Nuclear Quadrupole Coupling Constant
Definition and meaning of Nuclear Quadrupole Coupling Constant in chemistry.
The nuclear quadrupole coupling constant is a parameter that quantifies the interaction between the electric quadrupole moment of an atomic nucleus and the electric field gradient surrounding it. It is expressed in frequency units (typically kilohertz to megahertz, depending on the nucleus) and determines important spectroscopic properties of nuclei with non-spherical charge distributions.
In more detail
This constant is relevant only for nuclei with nuclear spin quantum number I greater than 1/2, which possess a non-spherical nuclear charge distribution. The coupling constant depends on both the nuclear quadrupole moment Q and the electric field gradient (EFG) created by electrons and neighboring atoms. It is crucial in nuclear quadrupole resonance (NQR) spectroscopy and significantly affects NMR line widths and splittings, providing detailed information about the electronic environment and chemical bonding around the nucleus. The magnitude of the coupling reveals the asymmetry of the charge distribution surrounding the nucleus. Because the size of the quadrupole moment varies enormously between nuclei, coupling constants span a wide range: deuterium (2H) has an unusually small quadrupole moment and correspondingly small coupling constants (tens to hundreds of kilohertz), whereas nuclei such as 35Cl or 14N typically show coupling constants of several to over a hundred megahertz.
Key facts
| Field | Physical Chemistry |
|---|---|
| Applies to | Nuclei with nuclear spin I > 1/2 |
| Common units | Kilohertz to megahertz (kHz-MHz) |
| Mathematical expression | χ = e2qQ/h (chi equals e squared q Q over h) |
Deuterium (2H, I = 1) has a comparatively small nuclear quadrupole coupling constant; in solid D2O (ice), the deuteron quadrupole coupling constant is approximately 213 kHz, corresponding to an 2H NQR transition frequency of roughly 160 kHz, reflecting the quadrupole interaction in that molecular environment.

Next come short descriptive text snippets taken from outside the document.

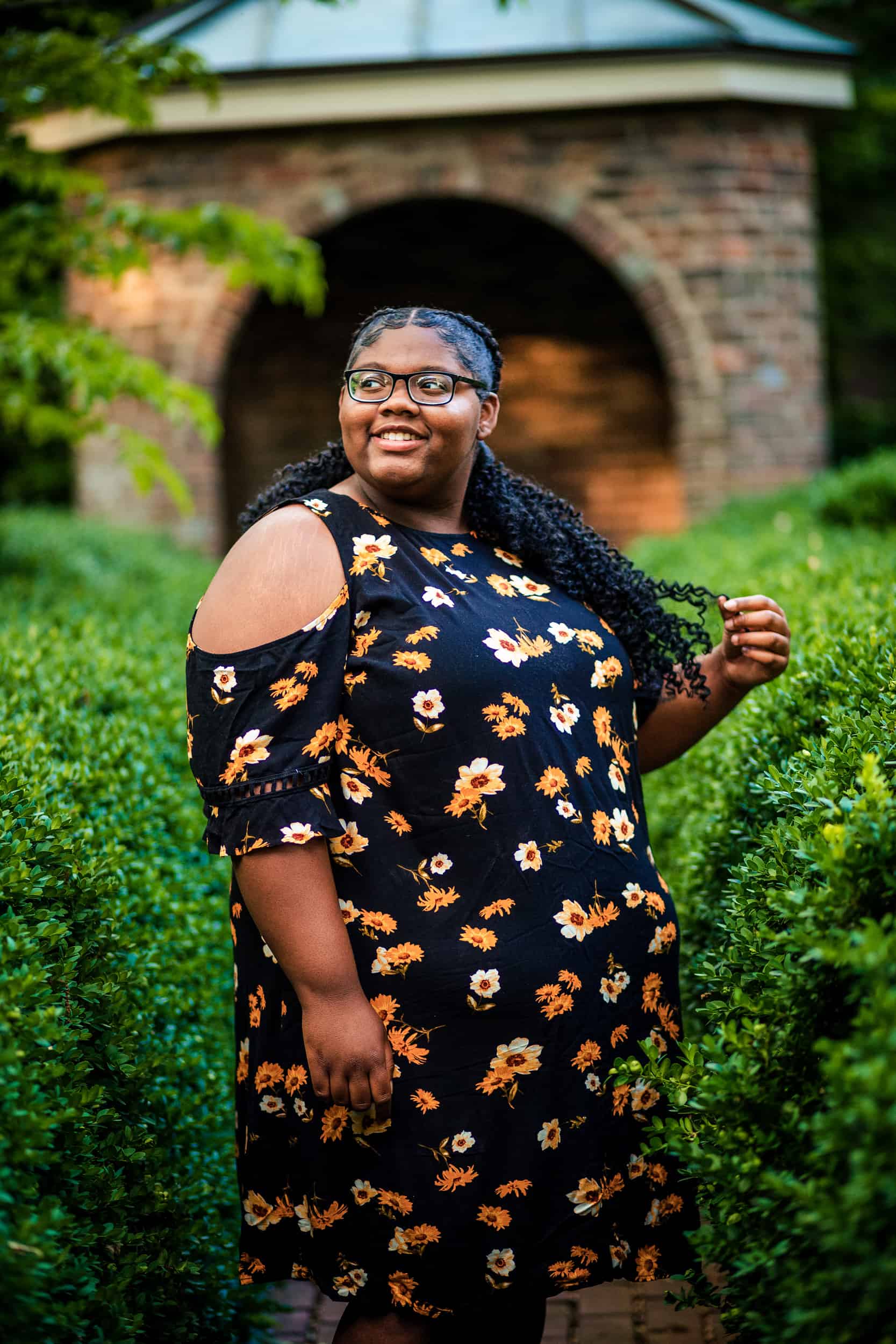 A black woman in a floral dress smiles in front of bushes.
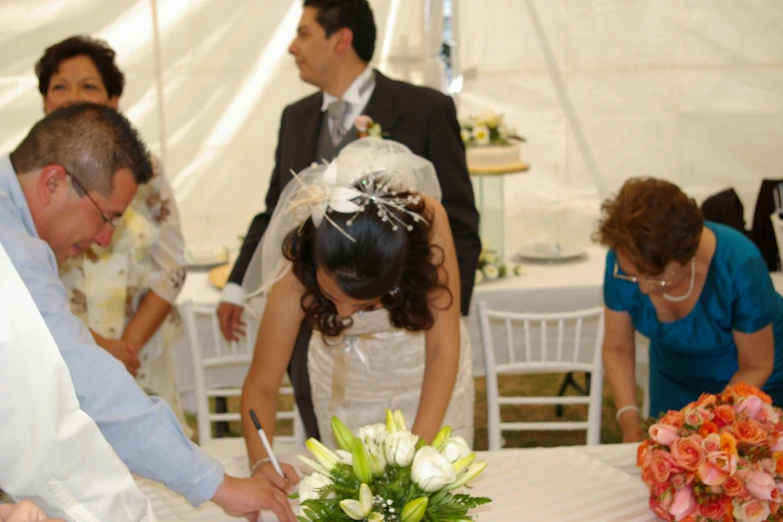 the bride and groom are  their wedding cake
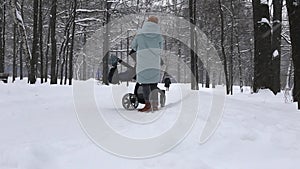 A mother comforts a crying baby while walking in a winter snow-ins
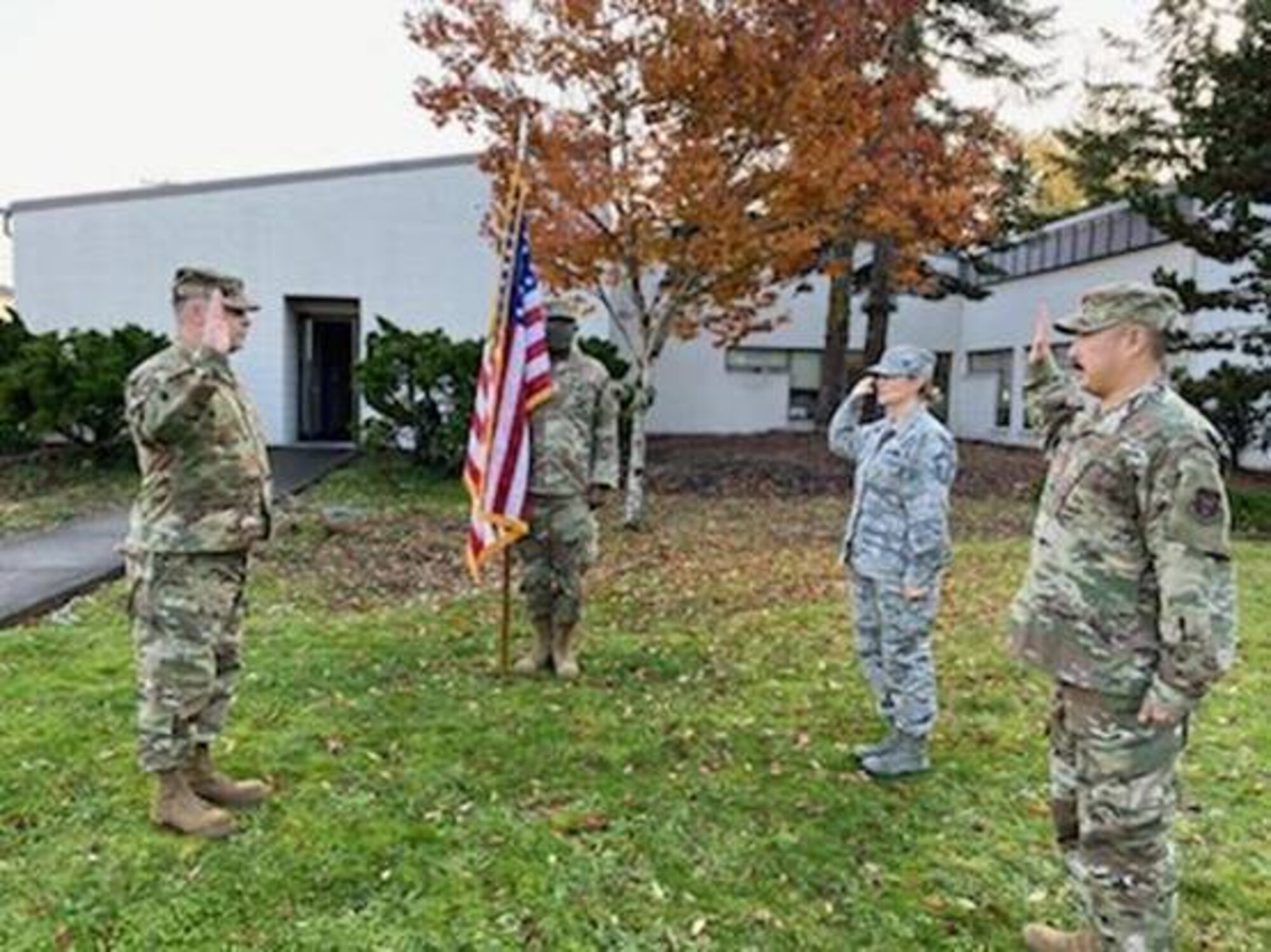 Commander re-enlists two Reserve Citizen Airmen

Frequently asked questions
Why is the nuclear quadrupole coupling constant important in spectroscopy?
It determines spectroscopic properties such as line widths and signal splitting in both NQR and NMR spectroscopy, making it essential for identifying and characterizing nuclear magnetic environments.
Does every nucleus have a quadrupole coupling constant?
No; only nuclei with spin I > 1/2 (non-spherical charge distribution) exhibit quadrupole coupling. Spin-1/2 nuclei like 1H and 13C, and spin-0 nuclei, do not have quadrupole moments and thus no quadrupole coupling.